Task instructions: When you reach the line that contains "20230526_Pferdenacht_1547 | equistock", please begin copying, and carry on exactly to the last line of the material, leaving out every picture.

Data segment:
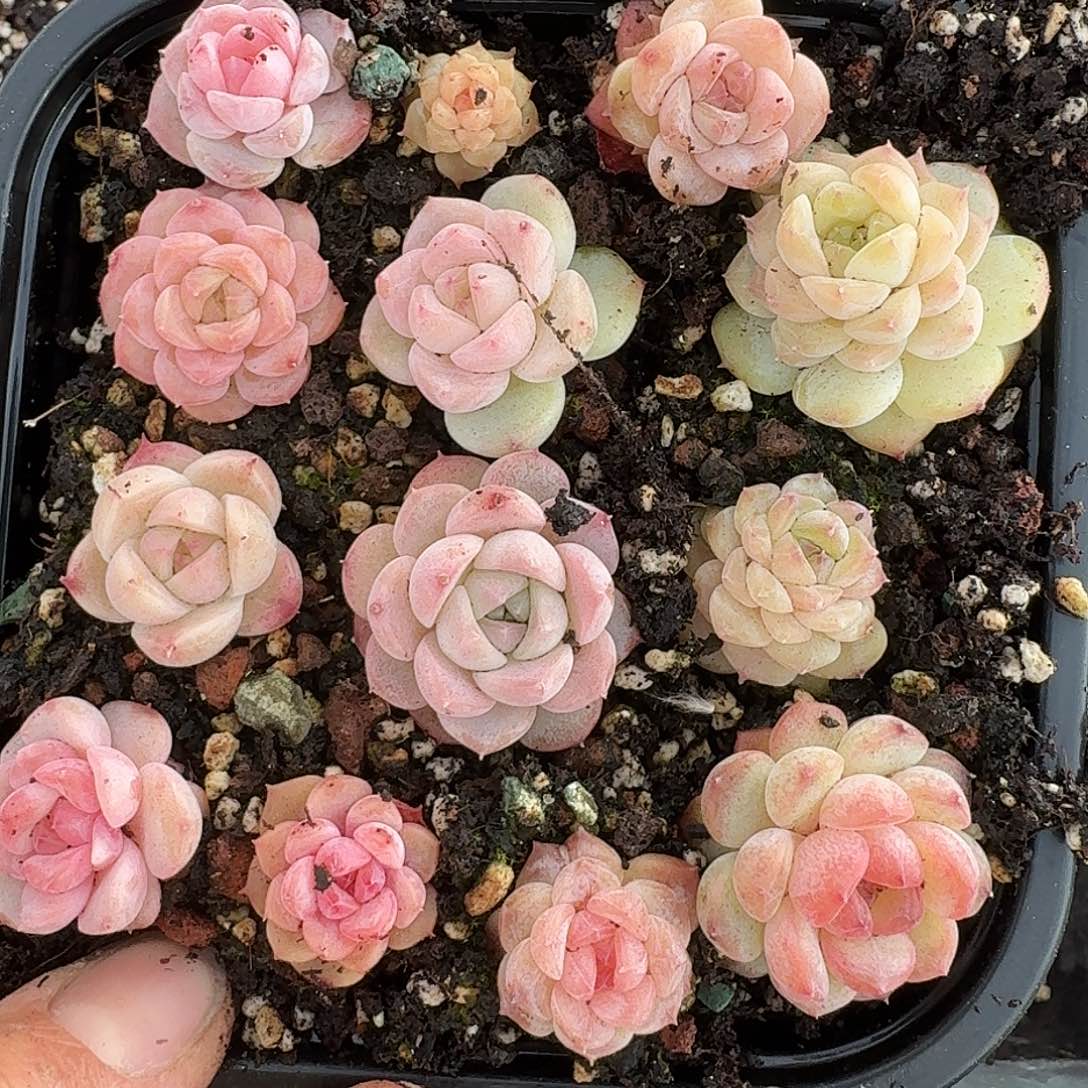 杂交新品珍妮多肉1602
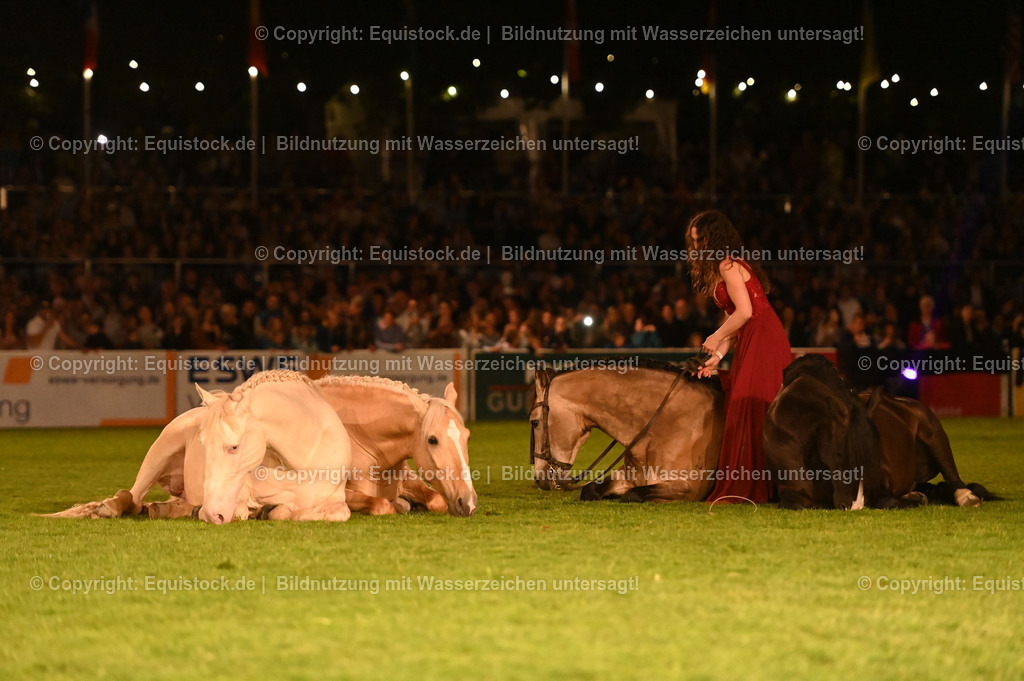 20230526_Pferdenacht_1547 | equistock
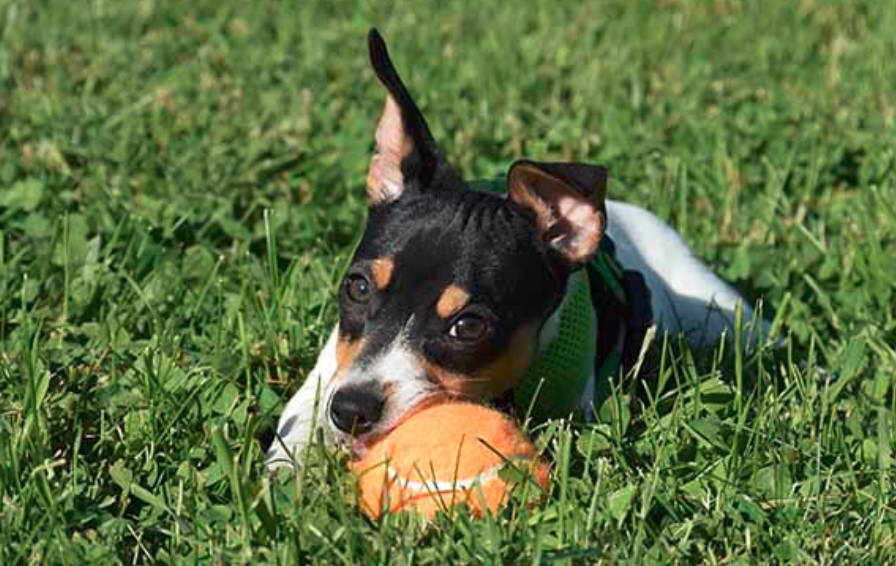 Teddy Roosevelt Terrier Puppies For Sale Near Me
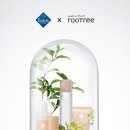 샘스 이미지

Written solution:
 20230526_Pferdenacht_1547 | equistock
 Teddy Roosevelt Terrier Puppies For Sale Near Me
 샘스 이미지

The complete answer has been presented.